Can we at least agree on a name?
Even among the tools that support this, the naming situation is genuinely painful:
| Tool | Config | Unit |
|---|---|---|
| Bun | minimumReleaseAge | seconds |
| pnpm | minimumReleaseAge | minutes |
| npm | min-release-age | days |
| Yarn 4 | npmMinimalAgeGate | duration string |
| uv | exclude-newer | duration / absolute date |
| pip | --uploaded-prior-to | absolute timestamp |
| Renovate | minimumReleaseAge | duration string |
| Dependabot | cooldown | days |
Bun and pnpm use the same config name but different units. npm uses the same concept but kebab-case. Yarn went with npmMinimalAgeGate for some reason. pip requires you to manually calculate a date instead of just saying “7 days.”
If you’re configuring this across a polyglot monorepo, you have to mentally convert between seconds, minutes, days, and duration strings. For the same feature. That does the same thing.
There’s room for a lightweight spec here. Even just an informal convention. Call it minimumReleaseAge, use ISO 8601 durations or plain day counts, and move on.
Why isn’t this the default?
npm actually has an open proposal to make 7 days the default. That makes sense. The vast majority of developers don’t need packages the instant they’re published. They can wait a week. For the rare cases where you genuinely need a fresh release (a critical hotfix, a security patch), every tool that supports this also supports a bypass.
But defaults matter. Right now, every package manager ships with an implicit minimumReleaseAge = 0. You get whatever was published 30 seconds ago, no questions asked. The entire security posture of the ecosystem is opt-in, and most developers have never heard of these settings.
We’ve been building increasingly sophisticated scanning tools, provenance systems, and attestation frameworks. And those are important. But we’ve also been overlooking one of the simplest defenses available: just wait a bit.
The axios attacker had a window of 4 hours. The Solana web3.js attacker had 5 hours. The Ledger Connect Kit attacker had 5 hours. ua-parser-js was 4 hours.
Every single one of those windows closes before day 7. Every single time.
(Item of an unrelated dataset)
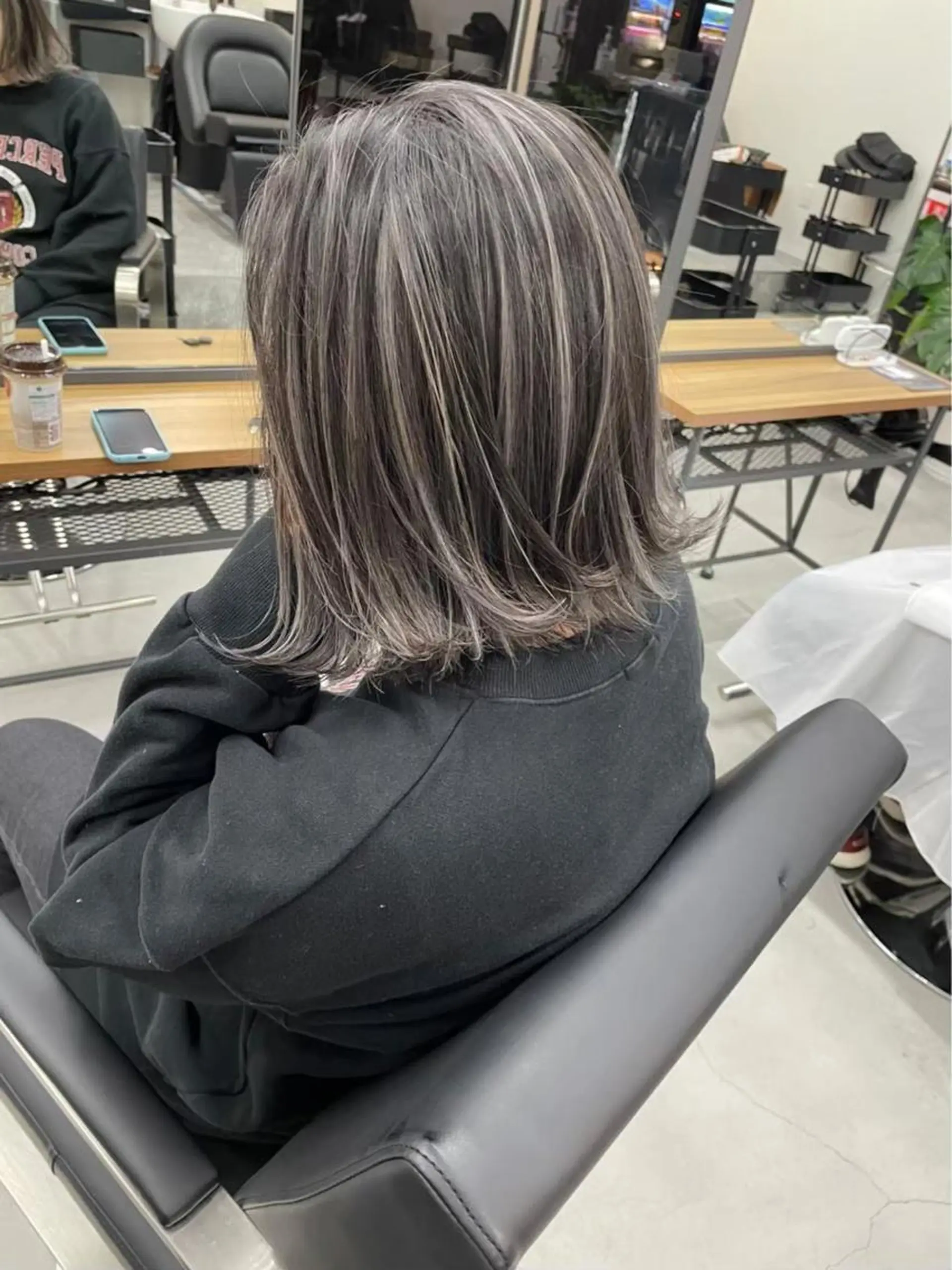 ミディアム カラー ショートボブ ミディアムパーマ バレイヤージュ ブリーチ ケアブリーチ hair terra ce M奈良店のヘアスタイル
If your package manager supports it, consider defaulting to a 3-7 day release age for third-party packages. Keep an escape hatch for emergency updates. Treat it as one layer in defense-in-depth.
And if your package manager doesn’t support it yet, go open that issue.
The best security isn’t always the most complex. Sometimes it’s just giving the world enough time to notice something’s wrong before you install it.